- _THE INPUT_
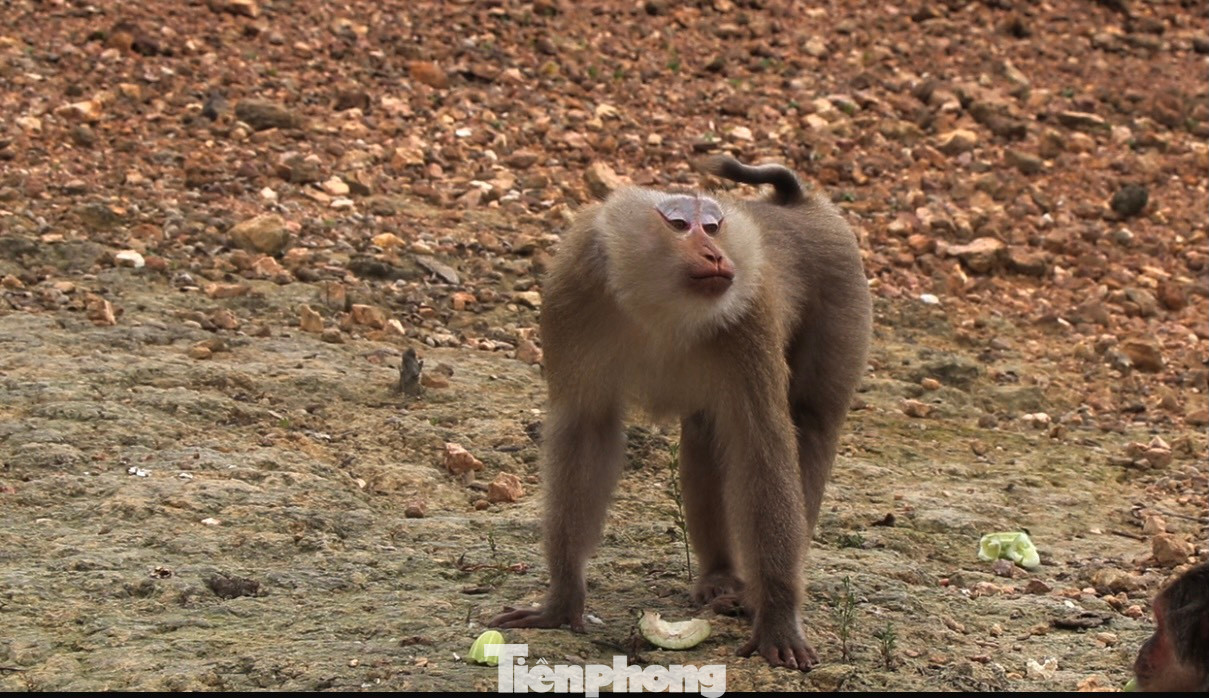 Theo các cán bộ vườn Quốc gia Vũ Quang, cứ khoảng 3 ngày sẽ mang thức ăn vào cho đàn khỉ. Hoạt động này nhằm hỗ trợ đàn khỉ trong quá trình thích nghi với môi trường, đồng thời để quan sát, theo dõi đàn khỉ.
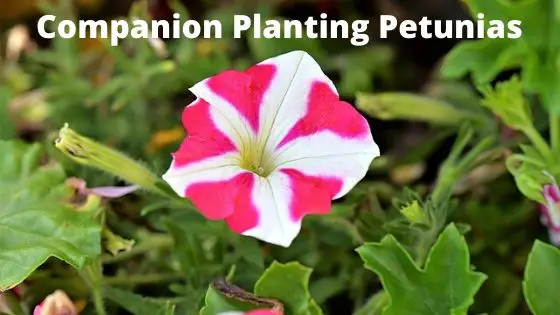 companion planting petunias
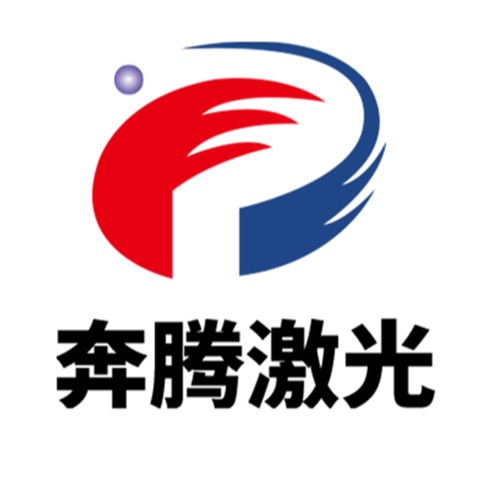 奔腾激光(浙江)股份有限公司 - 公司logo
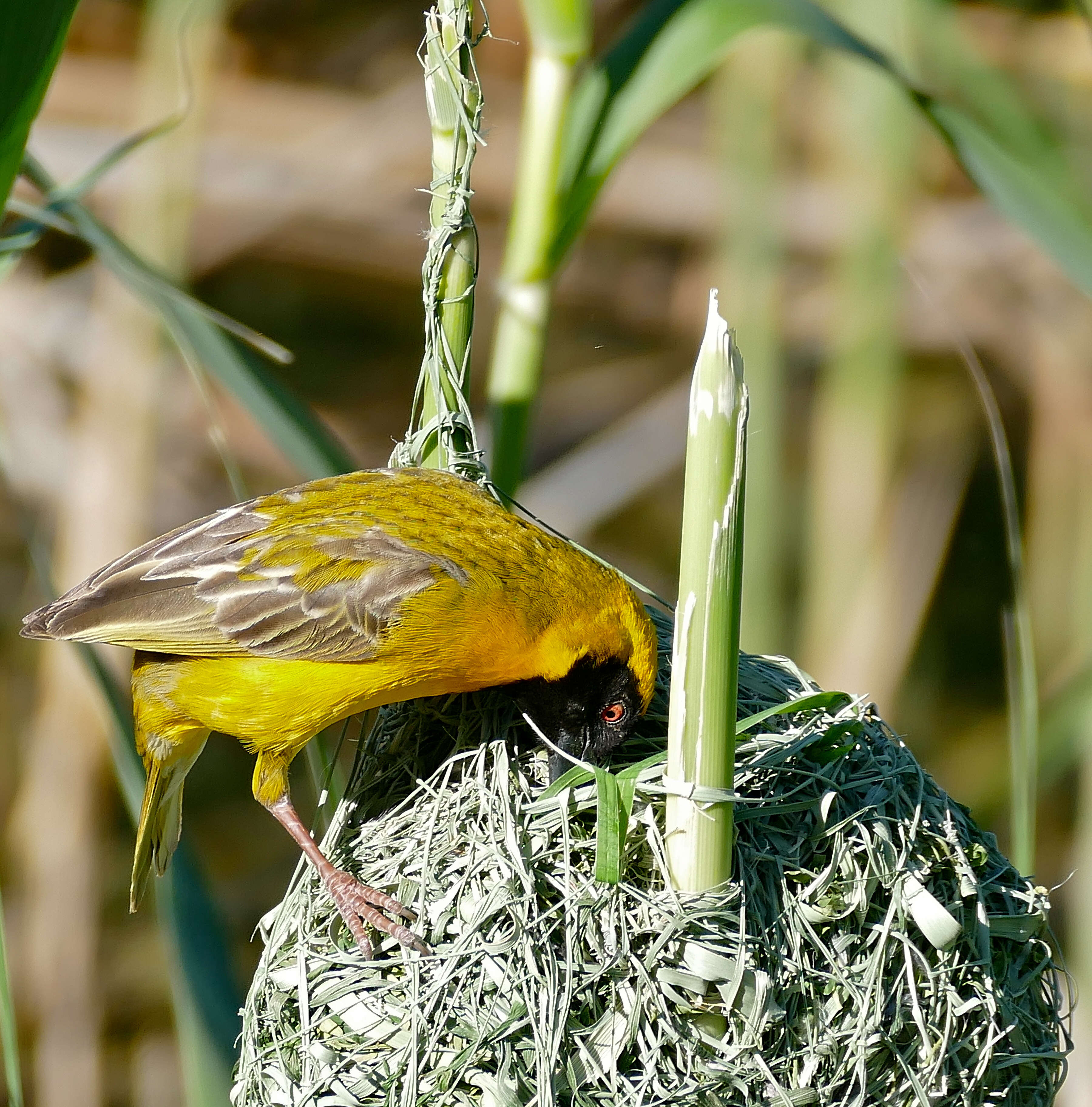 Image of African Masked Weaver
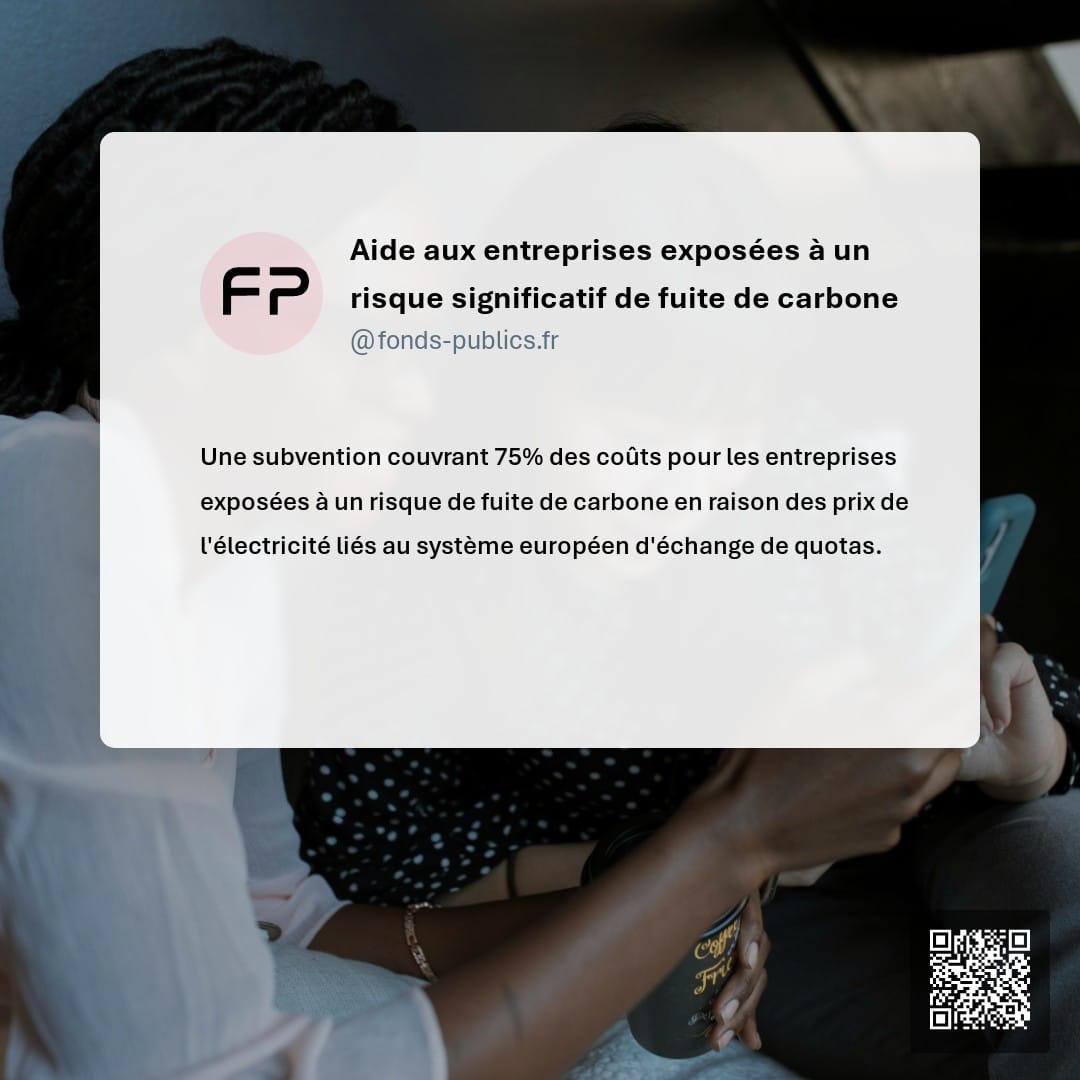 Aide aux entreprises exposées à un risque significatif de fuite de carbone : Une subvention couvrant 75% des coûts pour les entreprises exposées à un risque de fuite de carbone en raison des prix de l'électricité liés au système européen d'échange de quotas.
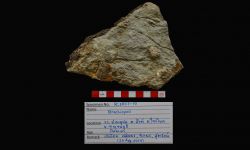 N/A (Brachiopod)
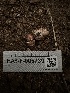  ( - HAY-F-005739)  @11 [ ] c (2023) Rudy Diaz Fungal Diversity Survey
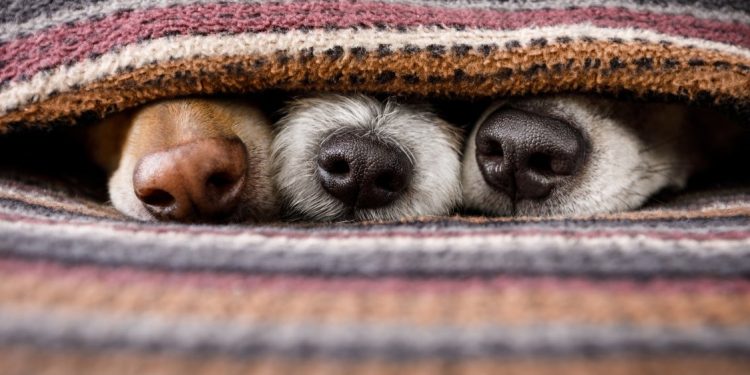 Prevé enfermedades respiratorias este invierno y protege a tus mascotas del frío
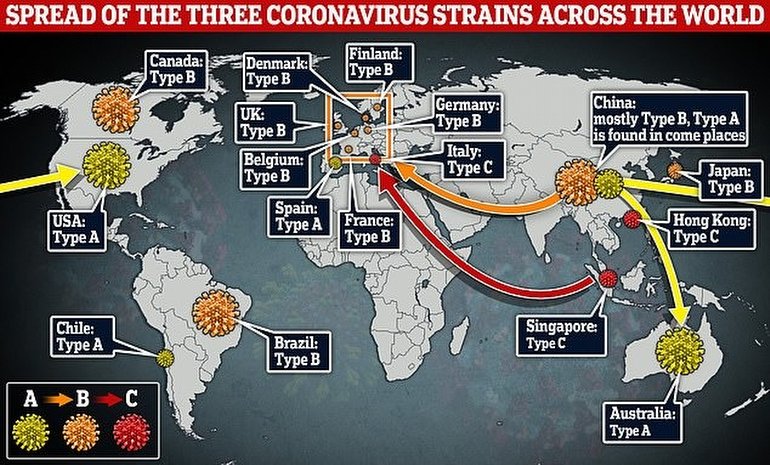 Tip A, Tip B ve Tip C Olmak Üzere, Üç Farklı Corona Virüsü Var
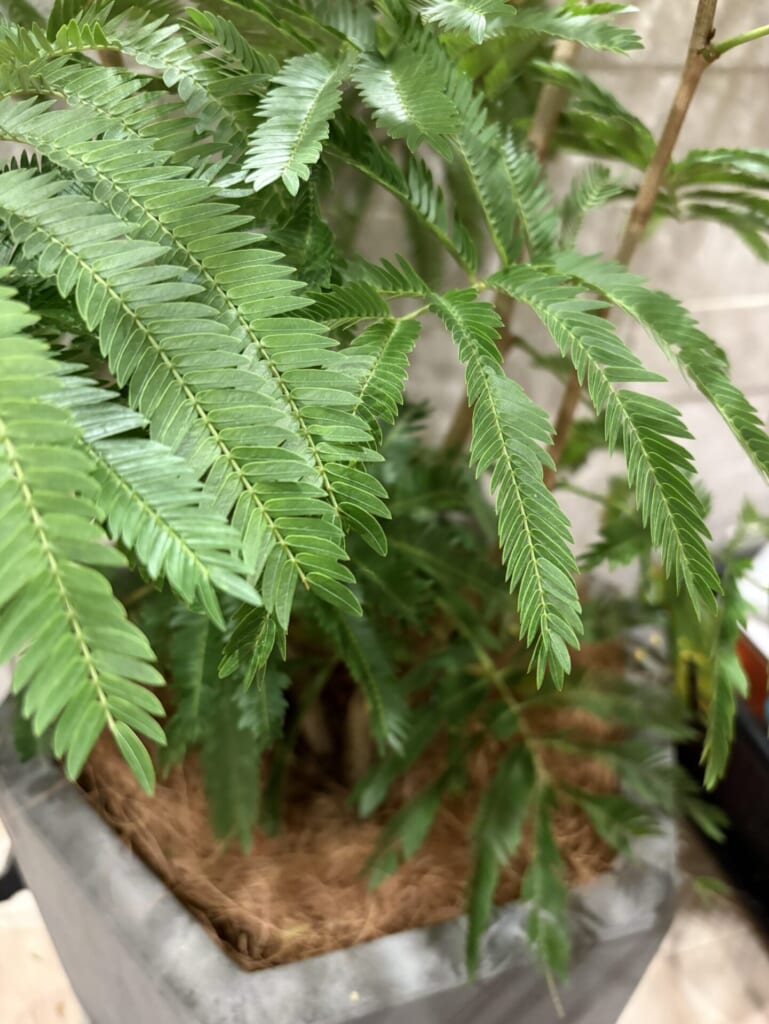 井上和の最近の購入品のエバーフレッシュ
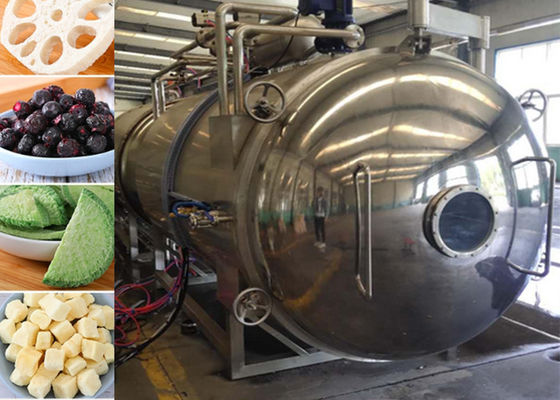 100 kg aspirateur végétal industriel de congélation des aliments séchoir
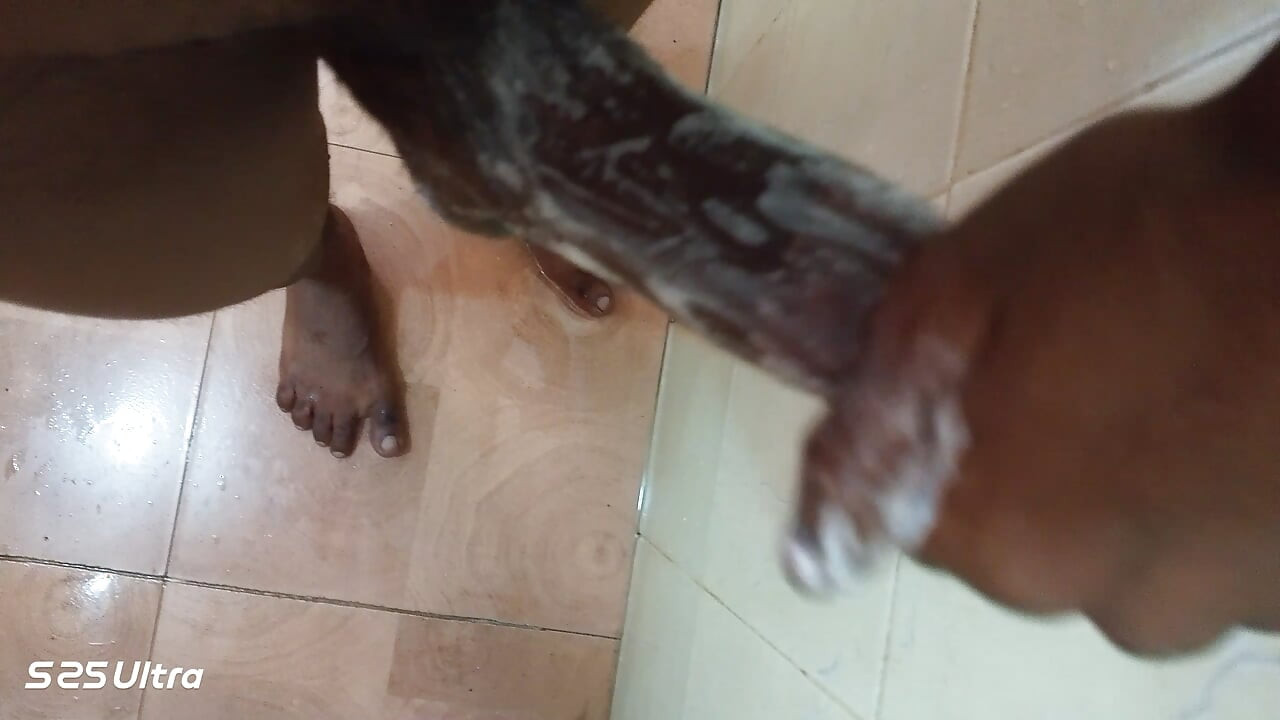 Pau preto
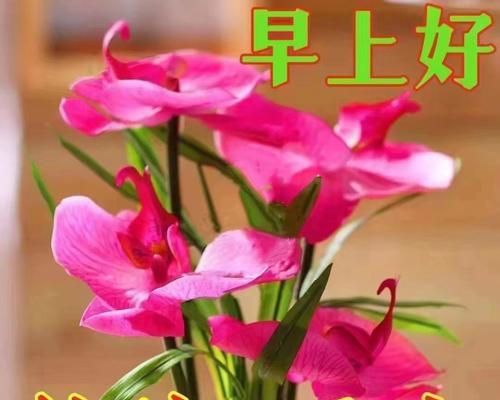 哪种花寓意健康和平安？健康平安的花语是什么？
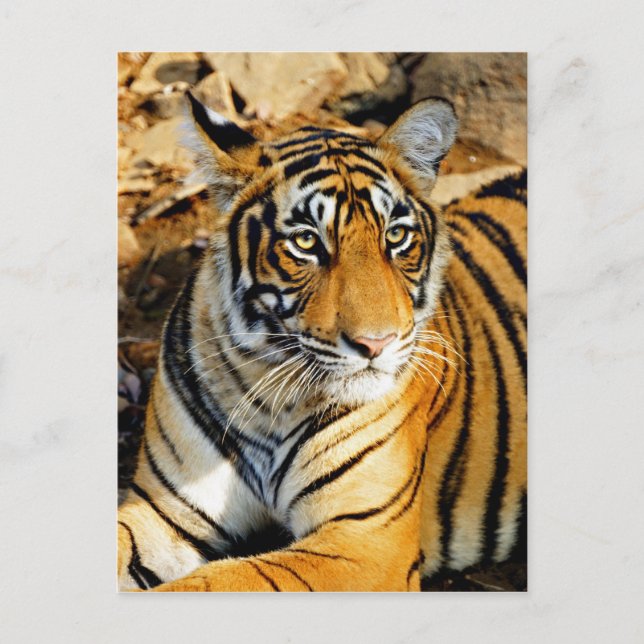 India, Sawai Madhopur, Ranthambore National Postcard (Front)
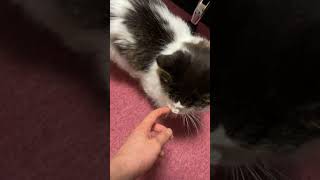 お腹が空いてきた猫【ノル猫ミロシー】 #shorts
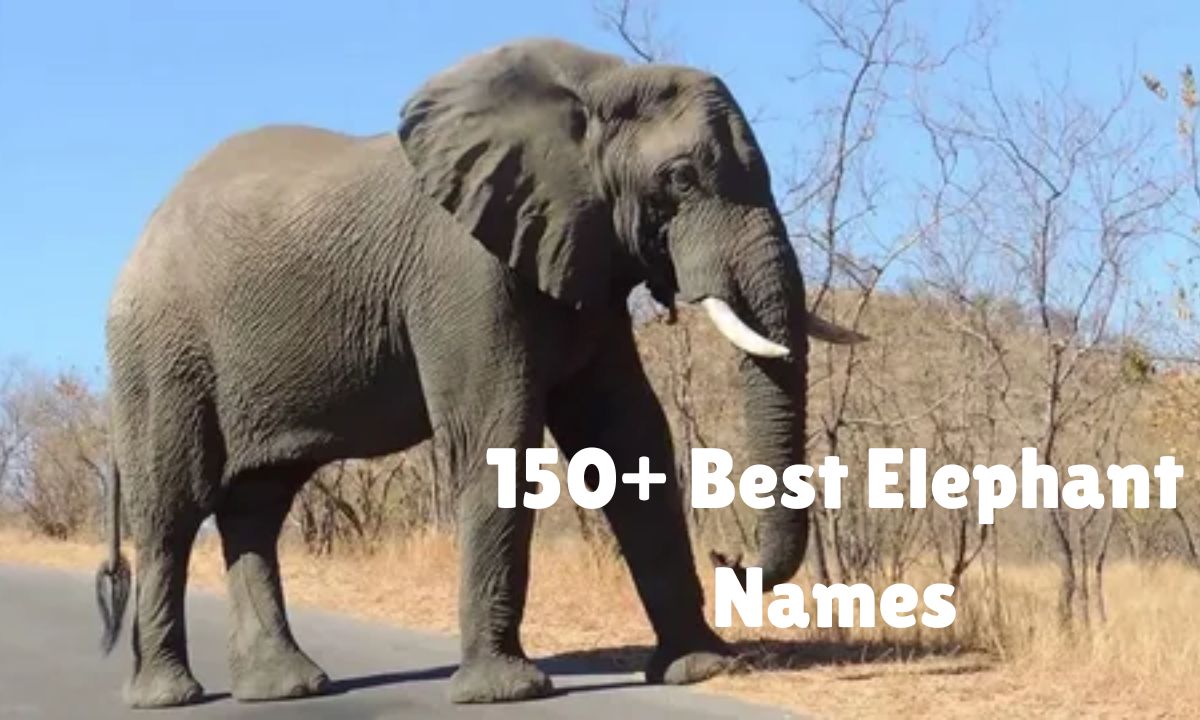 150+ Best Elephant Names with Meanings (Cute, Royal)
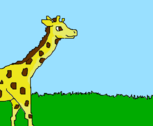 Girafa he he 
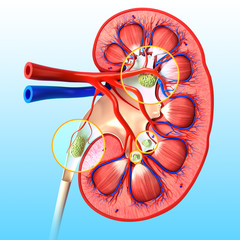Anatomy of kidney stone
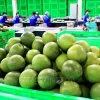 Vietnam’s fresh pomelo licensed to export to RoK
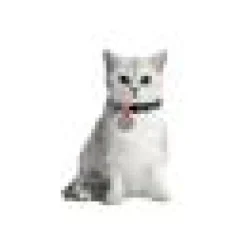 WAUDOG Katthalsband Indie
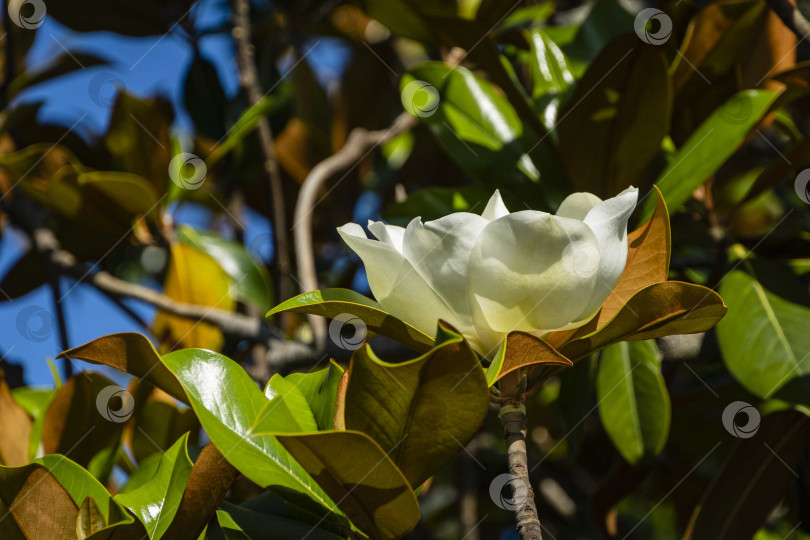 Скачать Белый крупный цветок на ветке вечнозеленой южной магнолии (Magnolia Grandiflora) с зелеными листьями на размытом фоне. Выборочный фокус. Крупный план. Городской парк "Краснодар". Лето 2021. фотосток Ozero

- _TASK GOAL_
Reproduce all the records verbatim, excluding images.

- _SOLUTION TO THE PROBLEM_
 Theo các cán bộ vườn Quốc gia Vũ Quang, cứ khoảng 3 ngày sẽ mang thức ăn vào cho đàn khỉ. Hoạt động này nhằm hỗ trợ đàn khỉ trong quá trình thích nghi với môi trường, đồng thời để quan sát, theo dõi đàn khỉ.
 companion planting petunias
 奔腾激光(浙江)股份有限公司 - 公司logo
 Image of African Masked Weaver
 Aide aux entreprises exposées à un risque significatif de fuite de carbone : Une subvention couvrant 75% des coûts pour les entreprises exposées à un risque de fuite de carbone en raison des prix de l'électricité liés au système européen d'échange de quotas.
 N/A (Brachiopod)
  ( - HAY-F-005739)  @11 [ ] c (2023) Rudy Diaz Fungal Diversity Survey
 Prevé enfermedades respiratorias este invierno y protege a tus mascotas del frío
 Tip A, Tip B ve Tip C Olmak Üzere, Üç Farklı Corona Virüsü Var
 井上和の最近の購入品のエバーフレッシュ
 100 kg aspirateur végétal industriel de congélation des aliments séchoir
 Pau preto
 哪种花寓意健康和平安？健康平安的花语是什么？
 India, Sawai Madhopur, Ranthambore National Postcard (Front)
 お腹が空いてきた猫【ノル猫ミロシー】 #shorts
 150+ Best Elephant Names with Meanings (Cute, Royal)
 Girafa he he 
Anatomy of kidney stone
 Vietnam’s fresh pomelo licensed to export to RoK
 WAUDOG Katthalsband Indie
 Скачать Белый крупный цветок на ветке вечнозеленой южной магнолии (Magnolia Grandiflora) с зелеными листьями на размытом фоне. Выборочный фокус. Крупный план. Городской парк "Краснодар". Лето 2021. фотосток Ozero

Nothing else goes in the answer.